Output the entries underneath exactly as they are.

** Opening EXERCISE MATERIAL block **

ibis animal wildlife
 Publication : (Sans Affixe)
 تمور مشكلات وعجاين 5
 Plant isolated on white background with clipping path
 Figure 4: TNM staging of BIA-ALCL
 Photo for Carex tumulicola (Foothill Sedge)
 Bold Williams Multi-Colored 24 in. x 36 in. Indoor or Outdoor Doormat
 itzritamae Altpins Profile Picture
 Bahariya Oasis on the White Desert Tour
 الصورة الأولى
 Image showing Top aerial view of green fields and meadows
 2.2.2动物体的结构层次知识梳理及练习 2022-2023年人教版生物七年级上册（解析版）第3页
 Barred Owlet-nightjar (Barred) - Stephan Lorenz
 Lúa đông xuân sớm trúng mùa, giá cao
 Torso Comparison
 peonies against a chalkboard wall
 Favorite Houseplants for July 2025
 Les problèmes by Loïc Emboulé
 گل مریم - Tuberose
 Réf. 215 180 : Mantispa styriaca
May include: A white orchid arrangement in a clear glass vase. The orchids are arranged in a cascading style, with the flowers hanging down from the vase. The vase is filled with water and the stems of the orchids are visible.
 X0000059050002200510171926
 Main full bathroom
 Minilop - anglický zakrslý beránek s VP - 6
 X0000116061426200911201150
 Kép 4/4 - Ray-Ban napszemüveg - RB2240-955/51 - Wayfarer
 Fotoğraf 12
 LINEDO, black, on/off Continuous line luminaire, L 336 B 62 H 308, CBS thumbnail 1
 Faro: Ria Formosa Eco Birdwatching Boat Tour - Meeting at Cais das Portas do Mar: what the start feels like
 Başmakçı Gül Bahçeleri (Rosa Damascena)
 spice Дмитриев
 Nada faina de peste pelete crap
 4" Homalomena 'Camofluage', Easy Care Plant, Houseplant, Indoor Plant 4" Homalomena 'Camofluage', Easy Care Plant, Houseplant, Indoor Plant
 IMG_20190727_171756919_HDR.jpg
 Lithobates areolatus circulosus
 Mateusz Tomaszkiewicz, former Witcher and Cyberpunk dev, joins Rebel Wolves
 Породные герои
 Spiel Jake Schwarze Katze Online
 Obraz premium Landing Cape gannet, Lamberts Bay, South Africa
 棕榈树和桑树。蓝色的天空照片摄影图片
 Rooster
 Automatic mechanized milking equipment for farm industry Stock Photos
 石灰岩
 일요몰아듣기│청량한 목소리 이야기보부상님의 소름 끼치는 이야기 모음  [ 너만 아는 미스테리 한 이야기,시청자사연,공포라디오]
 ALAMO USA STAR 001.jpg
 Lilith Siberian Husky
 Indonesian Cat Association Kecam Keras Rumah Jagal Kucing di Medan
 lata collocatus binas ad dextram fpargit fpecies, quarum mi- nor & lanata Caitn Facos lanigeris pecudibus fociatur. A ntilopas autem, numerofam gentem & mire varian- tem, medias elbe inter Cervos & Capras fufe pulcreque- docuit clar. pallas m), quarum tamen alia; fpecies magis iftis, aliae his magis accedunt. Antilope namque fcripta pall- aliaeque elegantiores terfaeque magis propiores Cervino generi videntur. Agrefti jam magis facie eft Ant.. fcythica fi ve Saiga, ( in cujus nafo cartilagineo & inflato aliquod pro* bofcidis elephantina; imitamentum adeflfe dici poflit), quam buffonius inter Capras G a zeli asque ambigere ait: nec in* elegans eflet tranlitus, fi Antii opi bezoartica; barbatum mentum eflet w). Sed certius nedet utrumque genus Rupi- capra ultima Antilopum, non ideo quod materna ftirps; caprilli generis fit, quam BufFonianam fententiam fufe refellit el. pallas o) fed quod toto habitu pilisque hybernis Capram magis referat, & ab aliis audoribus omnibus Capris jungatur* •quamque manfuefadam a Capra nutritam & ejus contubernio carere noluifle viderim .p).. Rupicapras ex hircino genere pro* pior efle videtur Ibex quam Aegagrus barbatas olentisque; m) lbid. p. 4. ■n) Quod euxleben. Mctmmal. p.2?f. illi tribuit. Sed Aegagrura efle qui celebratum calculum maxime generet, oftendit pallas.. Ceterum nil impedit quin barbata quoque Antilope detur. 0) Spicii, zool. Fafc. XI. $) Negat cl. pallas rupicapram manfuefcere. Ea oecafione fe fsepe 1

** Closing EXERCISE MATERIAL block **

## WRITTEN RESPONSE
ibis animal wildlife
 Publication : (Sans Affixe)
 تمور مشكلات وعجاين 5
 Plant isolated on white background with clipping path
 Figure 4: TNM staging of BIA-ALCL
 Photo for Carex tumulicola (Foothill Sedge)
 Bold Williams Multi-Colored 24 in. x 36 in. Indoor or Outdoor Doormat
 itzritamae Altpins Profile Picture
 Bahariya Oasis on the White Desert Tour
 الصورة الأولى
 Image showing Top aerial view of green fields and meadows
 2.2.2动物体的结构层次知识梳理及练习 2022-2023年人教版生物七年级上册（解析版）第3页
 Barred Owlet-nightjar (Barred) - Stephan Lorenz
 Lúa đông xuân sớm trúng mùa, giá cao
 Torso Comparison
 peonies against a chalkboard wall
 Favorite Houseplants for July 2025
 Les problèmes by Loïc Emboulé
 گل مریم - Tuberose
 Réf. 215 180 : Mantispa styriaca
May include: A white orchid arrangement in a clear glass vase. The orchids are arranged in a cascading style, with the flowers hanging down from the vase. The vase is filled with water and the stems of the orchids are visible.
 X0000059050002200510171926
 Main full bathroom
 Minilop - anglický zakrslý beránek s VP - 6
 X0000116061426200911201150
 Kép 4/4 - Ray-Ban napszemüveg - RB2240-955/51 - Wayfarer
 Fotoğraf 12
 LINEDO, black, on/off Continuous line luminaire, L 336 B 62 H 308, CBS thumbnail 1
 Faro: Ria Formosa Eco Birdwatching Boat Tour - Meeting at Cais das Portas do Mar: what the start feels like
 Başmakçı Gül Bahçeleri (Rosa Damascena)
 spice Дмитриев
 Nada faina de peste pelete crap
 4" Homalomena 'Camofluage', Easy Care Plant, Houseplant, Indoor Plant 4" Homalomena 'Camofluage', Easy Care Plant, Houseplant, Indoor Plant
 IMG_20190727_171756919_HDR.jpg
 Lithobates areolatus circulosus
 Mateusz Tomaszkiewicz, former Witcher and Cyberpunk dev, joins Rebel Wolves
 Породные герои
 Spiel Jake Schwarze Katze Online
 Obraz premium Landing Cape gannet, Lamberts Bay, South Africa
 棕榈树和桑树。蓝色的天空照片摄影图片
 Rooster
 Automatic mechanized milking equipment for farm industry Stock Photos
 石灰岩
 일요몰아듣기│청량한 목소리 이야기보부상님의 소름 끼치는 이야기 모음  [ 너만 아는 미스테리 한 이야기,시청자사연,공포라디오]
 ALAMO USA STAR 001.jpg
 Lilith Siberian Husky
 Indonesian Cat Association Kecam Keras Rumah Jagal Kucing di Medan
 lata collocatus binas ad dextram fpargit fpecies, quarum mi- nor & lanata Caitn Facos lanigeris pecudibus fociatur. A ntilopas autem, numerofam gentem & mire varian- tem, medias elbe inter Cervos & Capras fufe pulcreque- docuit clar. pallas m), quarum tamen alia; fpecies magis iftis, aliae his magis accedunt. Antilope namque fcripta pall- aliaeque elegantiores terfaeque magis propiores Cervino generi videntur. Agrefti jam magis facie eft Ant.. fcythica fi ve Saiga, ( in cujus nafo cartilagineo & inflato aliquod pro* bofcidis elephantina; imitamentum adeflfe dici poflit), quam buffonius inter Capras G a zeli asque ambigere ait: nec in* elegans eflet tranlitus, fi Antii opi bezoartica; barbatum mentum eflet w). Sed certius nedet utrumque genus Rupi- capra ultima Antilopum, non ideo quod materna ftirps; caprilli generis fit, quam BufFonianam fententiam fufe refellit el. pallas o) fed quod toto habitu pilisque hybernis Capram magis referat, & ab aliis audoribus omnibus Capris jungatur* •quamque manfuefadam a Capra nutritam & ejus contubernio carere noluifle viderim .p).. Rupicapras ex hircino genere pro* pior efle videtur Ibex quam Aegagrus barbatas olentisque; m) lbid. p. 4. ■n) Quod euxleben. Mctmmal. p.2?f. illi tribuit. Sed Aegagrura efle qui celebratum calculum maxime generet, oftendit pallas.. Ceterum nil impedit quin barbata quoque Antilope detur. 0) Spicii, zool. Fafc. XI. $) Negat cl. pallas rupicapram manfuefcere. Ea oecafione fe fsepe 1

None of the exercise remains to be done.